Write out the following listing's lines from the one with "Защита объемных 3D-фигур" to the one with "Best Home Fashion", exactly, with both included and no others.

§ STORED DATA:
▼▼▼

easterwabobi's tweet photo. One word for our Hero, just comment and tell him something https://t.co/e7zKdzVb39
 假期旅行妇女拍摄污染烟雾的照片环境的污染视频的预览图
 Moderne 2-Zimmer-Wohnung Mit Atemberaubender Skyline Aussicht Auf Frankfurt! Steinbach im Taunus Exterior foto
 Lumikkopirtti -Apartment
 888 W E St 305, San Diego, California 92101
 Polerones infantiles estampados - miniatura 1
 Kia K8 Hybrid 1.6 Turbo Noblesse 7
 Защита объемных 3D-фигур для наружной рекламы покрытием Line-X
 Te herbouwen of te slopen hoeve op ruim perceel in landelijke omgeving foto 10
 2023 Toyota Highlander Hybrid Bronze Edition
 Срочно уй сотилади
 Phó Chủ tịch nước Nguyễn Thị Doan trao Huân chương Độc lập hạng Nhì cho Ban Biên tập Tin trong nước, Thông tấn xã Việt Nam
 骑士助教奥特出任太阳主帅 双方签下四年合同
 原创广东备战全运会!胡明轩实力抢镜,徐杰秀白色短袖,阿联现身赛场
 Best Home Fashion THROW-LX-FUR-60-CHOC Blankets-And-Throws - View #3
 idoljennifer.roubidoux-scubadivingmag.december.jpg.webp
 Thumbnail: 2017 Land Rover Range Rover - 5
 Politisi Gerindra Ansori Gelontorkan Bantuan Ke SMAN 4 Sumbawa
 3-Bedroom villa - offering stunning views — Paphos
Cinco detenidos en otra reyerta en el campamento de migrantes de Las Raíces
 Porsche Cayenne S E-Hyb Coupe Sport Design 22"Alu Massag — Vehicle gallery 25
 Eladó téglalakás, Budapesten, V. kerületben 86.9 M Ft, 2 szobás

▲▲▲

§ SOLUTION TO THE EXERCISE:
 Защита объемных 3D-фигур для наружной рекламы покрытием Line-X
 Te herbouwen of te slopen hoeve op ruim perceel in landelijke omgeving foto 10
 2023 Toyota Highlander Hybrid Bronze Edition
 Срочно уй сотилади
 Phó Chủ tịch nước Nguyễn Thị Doan trao Huân chương Độc lập hạng Nhì cho Ban Biên tập Tin trong nước, Thông tấn xã Việt Nam
 骑士助教奥特出任太阳主帅 双方签下四年合同
 原创广东备战全运会!胡明轩实力抢镜,徐杰秀白色短袖,阿联现身赛场
 Best Home Fashion THROW-LX-FUR-60-CHOC Blankets-And-Throws - View #3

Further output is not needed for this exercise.